Viktoriia Yefimenko, CEO of Communications Hub.

Focus Gaming News spoke with Communications Hub CEO Viktoriia Yefimenko to discuss why centralised communication infrastructure is essential for scaling businesses to maintain integrity and long-term delivery trust.

Exclusive interview.- As digital-first businesses grow faster and operate across more markets, communication has quietly become one of their most fragile dependencies. Focus Gaming News sat down with Communications Hub CEO Viktoriia Yefimenko to talk about why centralised communication is no longer optional, where fast-scaling companies go wrong and what “integrity” really means when millions of messages are on the line.

Many companies still treat communications as a collection of tools. Why do you believe a centralised communications hub has become a business-critical layer rather than a technical convenience?

For a long time, communications were treated as something tactical: a way to send notifications, confirmations or marketing messages. But once a business reaches a certain scale, communication stops being a function and starts becoming a system that directly affects revenue, compliance, customer trust and operational speed.

A centralised communications hub enables a very important shift in mindset – from simply sending messages to designing communication outcomes. When you can control routing, reliability, analytics and fallback logic from one place, communication becomes predictable and measurable. At that point, it’s no longer a technical convenience. It’s business-critical infrastructure that leadership needs to understand and trust.

ICE brings together fast-moving industries like igaming, fintech and e-commerce. From your perspective, what’s the biggest communication mistake these sectors keep repeating as they scale?

The most common mistake is fragmentation. As companies expand into new geos or experiment with new channels, they tend to add point solutions one by one – one provider for a specific country, another for a new channel, a third for backup. On paper, it looks flexible, but in reality, it creates lock-in, operational drag, inconsistent data and a lot of hidden complexity.

Over time, scaling actually becomes harder, not easier. Teams spend more time maintaining the stack than improving the experience. What often gets overlooked is that sustainable growth requires a unified communication layer – one system that can flex across channels and regions without rebuilding everything each time. Without that foundation, speed slows down, and trust, both internal and external, starts to erode.

Communications Hub talks a lot about integrity and reliability. In practical terms, what does “communication integrity” actually mean for a business sending millions of messages a day?

When you’re sending millions of messages daily, integrity is about control and transparency.

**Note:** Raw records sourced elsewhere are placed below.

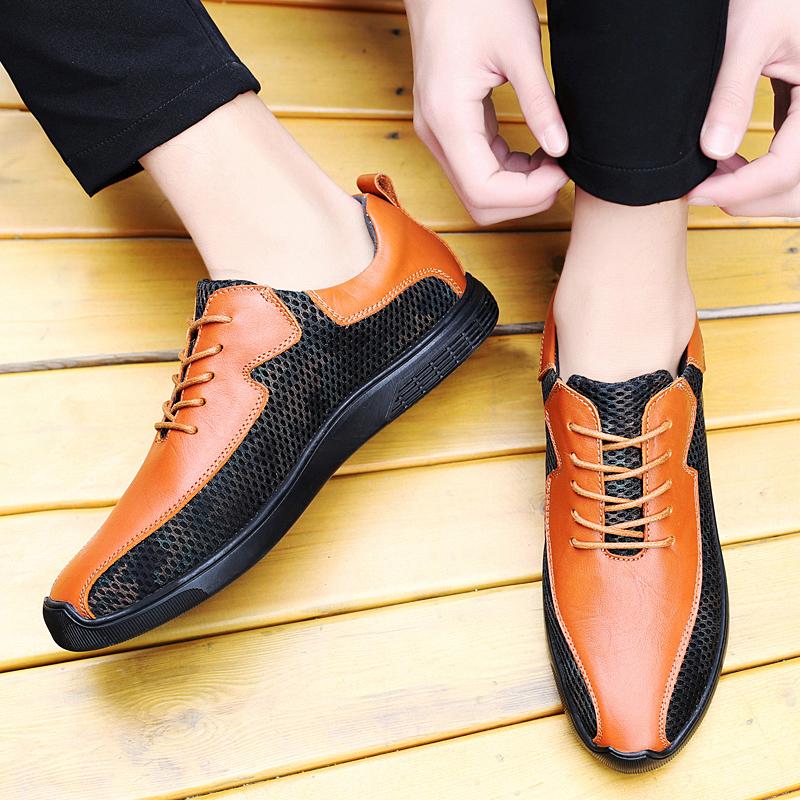 Genuine leather men's casual breathable mesh shoes Casual lace-up Hollow out shoes comfortable outdoor stroll Hot selling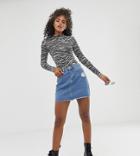Missguided Tall A-line Denim Mini Skirt In Blue - Blue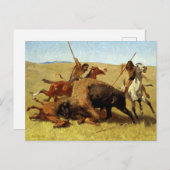 Frederic Remington de Buffalo Hunt Briefkaart (Voorkant / Achterkant)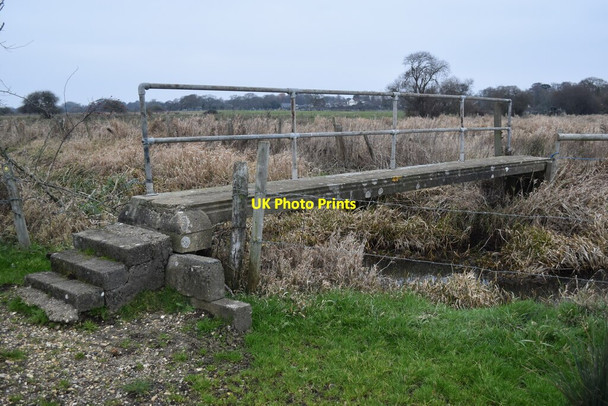 Photo 6"x4" Footbridge over drainage ditch in marshland west of Burton Christchurch\/SZ1592 c2022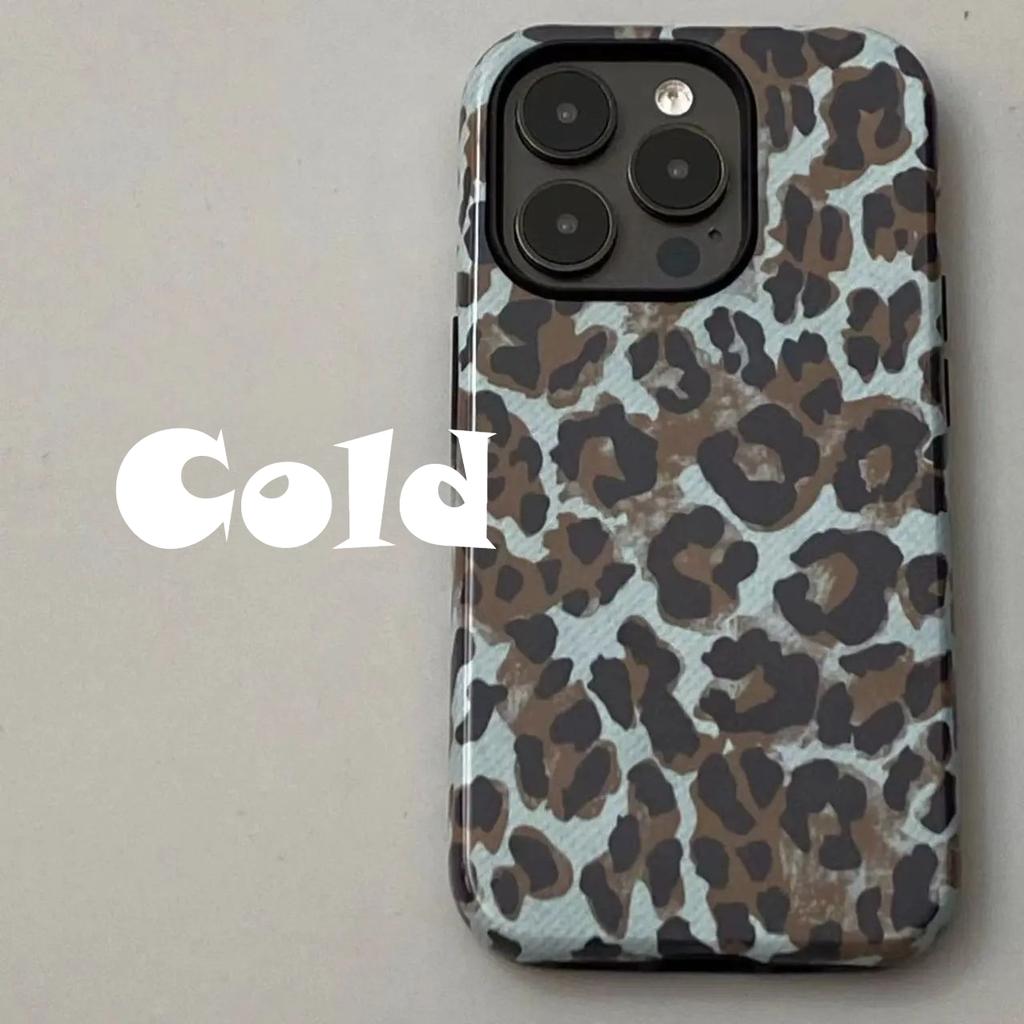 Custodia per Telefono con Stampa Leopardo per Apple iPhone 16 ProMax - Guscio Rigido a Doppio Strato Antiurto Elegante Copertura Completa per iPhone 16/15/14/13/12/11/Pro/Plus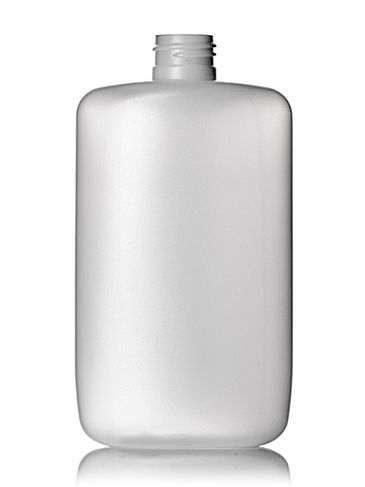 8 oz natural-colored HDPE plastic flat oval bottle with 24-410 neck finish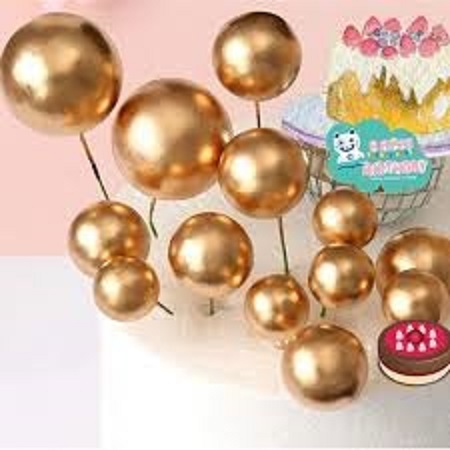 Picture of 5 + 5 Golden + silver Topper Ball Cake Happy Birthday Party Baby Shower Cake Decoration Cake Flag Wedding Christmas Ball Decoration Supplies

It means every message is delivered exactly as intended – to the right recipient, at the right time, through the right route and that the business can prove it.

Practically, this comes down to a few core things: no silent loss or manipulation of traffic, deterministic routing and failover that are explainable and auditable, and end-to-end traceability so every message can be tracked, reconciled, and reported on. Just as importantly, reliability has to remain consistent as volume grows. Integrity is what allows a company to treat its communication layer as core infrastructure, not as a black box it hopes will work.

If a growing business came to you focused only on reducing message costs, what would you tell them they’re overlooking about long-term communication performance and trust?

I would tell them that optimising purely for unit cost means optimising for the shortest possible horizon. Communication quality compounds over time – both positively and negatively.

Poor routing, unstable suppliers and opaque delivery don’t just cause occasional failures. They can damage sender reputation, reduce deliverability, trigger filtering and quietly increase total cost through retries, manual intervention, higher support load and lost conversions. None of that shows up on a price list, but all of it shows up in business results.

In the long run, trust is built on predictability and control, not cheap traffic. The companies that scale successfully understand that communications are a critical infrastructure. When reliability, transparency and compliance are built in from the start, they protect revenue and brand and often end up costing less over time. 

“In the long run, trust is built on predictability and control, not cheap traffic.”

Viktoriia Yefimenko, CEO of Communications Hub.

As messaging volumes rise and customer expectations tighten, the difference between “sending messages” and managing communications as infrastructure becomes impossible to ignore. For Viktoriia Yefimenko and the team at Communications Hub, the goal is clear: move communications out of the shadows of tech stacks and into the centre of business strategy – where trust, visibility and scale are designed, not improvised.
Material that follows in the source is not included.